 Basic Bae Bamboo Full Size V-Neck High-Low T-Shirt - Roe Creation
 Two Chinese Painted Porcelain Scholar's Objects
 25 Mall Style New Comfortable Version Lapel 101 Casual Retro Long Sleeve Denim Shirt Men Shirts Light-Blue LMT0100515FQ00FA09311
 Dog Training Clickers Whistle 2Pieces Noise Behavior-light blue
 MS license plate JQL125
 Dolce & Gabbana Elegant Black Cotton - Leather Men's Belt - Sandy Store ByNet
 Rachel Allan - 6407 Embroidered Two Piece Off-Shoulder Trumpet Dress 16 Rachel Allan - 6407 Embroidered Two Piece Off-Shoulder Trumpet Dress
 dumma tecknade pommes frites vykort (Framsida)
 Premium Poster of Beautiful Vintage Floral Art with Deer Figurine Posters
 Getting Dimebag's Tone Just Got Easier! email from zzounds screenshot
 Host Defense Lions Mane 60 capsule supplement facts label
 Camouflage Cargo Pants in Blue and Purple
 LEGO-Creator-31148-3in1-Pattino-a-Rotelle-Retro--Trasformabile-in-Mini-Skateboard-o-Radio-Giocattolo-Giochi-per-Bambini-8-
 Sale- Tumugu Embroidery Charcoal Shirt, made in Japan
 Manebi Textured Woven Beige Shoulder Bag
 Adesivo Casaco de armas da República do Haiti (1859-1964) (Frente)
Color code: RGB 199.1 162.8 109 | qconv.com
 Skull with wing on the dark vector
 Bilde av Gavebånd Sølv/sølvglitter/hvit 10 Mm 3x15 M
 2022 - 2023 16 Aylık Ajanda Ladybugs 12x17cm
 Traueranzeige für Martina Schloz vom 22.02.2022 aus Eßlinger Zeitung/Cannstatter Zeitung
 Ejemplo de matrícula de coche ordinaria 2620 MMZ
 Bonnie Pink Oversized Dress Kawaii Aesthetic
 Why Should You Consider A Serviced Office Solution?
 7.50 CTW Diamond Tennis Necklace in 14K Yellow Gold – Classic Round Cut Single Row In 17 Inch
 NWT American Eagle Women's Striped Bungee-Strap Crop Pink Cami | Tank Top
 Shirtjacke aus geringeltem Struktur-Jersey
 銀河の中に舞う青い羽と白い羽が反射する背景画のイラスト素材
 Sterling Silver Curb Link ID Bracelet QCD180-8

⁂

What you need to do >>
The answer must be a single number: how many lines in the data contain the string "with"?

Result of this task >>
2